またも太巻の口をふさいで質問を続けるひろ美。

「お祖母ちゃん、どんな人ですか?」

「かっけえ人です ~ この手拭も祖母ちゃんからもらったんだ」


『北の海女』の手拭を取り出して広げて見せました。

『この先、つれえことがあったら、こいつで涙拭け … そんで思い出せ … 寒い朝、浜さ出て潜った時のこと。

あれより、つれえことはまずねえがら』

「お祖母ちゃんだけでなぐ、海女さんや地元の人等、あと親友のユイちゃん!

それがら … もちろん、お母さん、あと海、東京に来てから知り合った仲間。

皆のおかげで変わりました!」


思わず、ひろ美の方に体を乗り出してしまいました。

「結構です … 長々すいませんでした。
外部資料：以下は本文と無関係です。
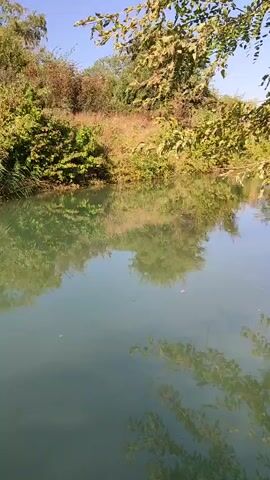 The video shows a body of water with reflections of trees and vegetation. The water is calm and the reflections are clear. The surrounding area appears to be a natural environment with lush greenery and sunlight.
」

太巻の口を押えていたペンを外して謝りました。

「いいえ、どういたしまして」

… … … … …

EDOシアターに駆け込んできた水口、河島と出くわしました。

「随分押してんな」

予定の時間は過ぎていますが、オーディションはまだ終わっていません。

「2次まで残るとは思わなかっただろう?」

河島は休憩コーナーで飲み物を買いながら、水口の顔を見ました。

「 … やっぱり、鈴鹿さんの後押しですか?」

「まあ、最終的には社長のさじ加減だと思うけど … やっぱ、鈴鹿さんには逆らえないんだよ。

ヘンな関係だよ、あのふたりは」


壁に貼られた『潮騒のメモリー ~母娘の島~』のポスター。

「そもそもリメイクするなら、他にもいい作品あるのに、何で今更『潮騒のメモリー』にこだわるかね?」

… … … … …

オーディション会場 ~ 奈落。

「もっと、ていねいに読んでみて」

ひろ美がアキのセリフに注文をつけました。

「はい。

母ちゃん、私 … 新助さんが好き」


アキは、台本に書かれたセリフを1字1字ゆっくりと読みました。

「ていねいっていうのは、ゆっくりじゃないの、分かる?

意味を考えて、尚且つ、無理に抑揚つけようとしないで」

「『よくよう』って何ですか?」


真剣な顔で聞いてくるアキ、一瞬驚いた顔をしたひろ美ですが …

「 … あ、ごめんごめん、あなたバカだったわね? … 忘れてた」

少しムッとするアキ。

「ええとね、上がったり下がったりし過ぎている …

私のマネしてみなさい」


ひろ美は先ず手本を見せました。

「母ちゃん … 」

アキはあとに続けました。

… … … … …

「うん?」

その時、太巻はある異変を感じていました。

目の前のアキが、若い頃の春子に見えるのです。

面影どころか春子そのものでした。

「母ちゃん、私、新助さんが好き … だから、島を出ます」

「好きにすりゃいいべ、さっさと行け!」

「親不孝ばかりで、ごめんなさい!」


イスを蹴って走り出した春子(アキ?)

「ちょっと待って!!」

太巻は立ち上がって、走って行く後ろ姿を呼び止めていました。

「だいぶ良くなったわ、ねえ監督?」

呆然と立ち尽くしたままの太巻。

「 … 監督?」

「えっ? … あら?」


ひろ美に何回か声を掛けられて、太巻はようやく我に戻りました。

戻ってくるアキ。

太巻は動揺を悟られないように、平然を装いました。

「 … いいんじゃないですか?」

「ありがとうございます」


… … … … …

EDOシアターの楽屋口から出てくる水口とアキ。

「あれ、今日、正宗さんは?」

いつもなら待っているはずの姿が見当たりません。

「今日は、給料日なので、遅くなると言っていました」

「俺ちょっと挨拶しに戻るけど … 大丈夫? ひとりで帰れる?」


アキはうなずきました。

「じゃあ、マスクして顔隠して」

言われた通り、顔半分を隠すくらいのマスクをつけました。

「よし、じゃあ気をつけてね」

水口はアキが見えなくなるまで見送り、シアター内にまた戻って行きました。

… … … … …

それを陰から確認していたアキが、こっそりと戻ってきます。

そして、マスクを外して、シアターの向かいの無頼鮨の裏口へ走りました。

ドアを開けて、種市に声を掛けます。

外に出てくる種市。

「終わったのか?」

うなずくアキ。

「自分ももう上がりだ。

… どうだった?」

「まあまあ … かな?」


何となく、そわそわして落ち着かないアキ。

「何だ、天野? 腹減ったか?」

アキは、眉をひそめて首を振りました。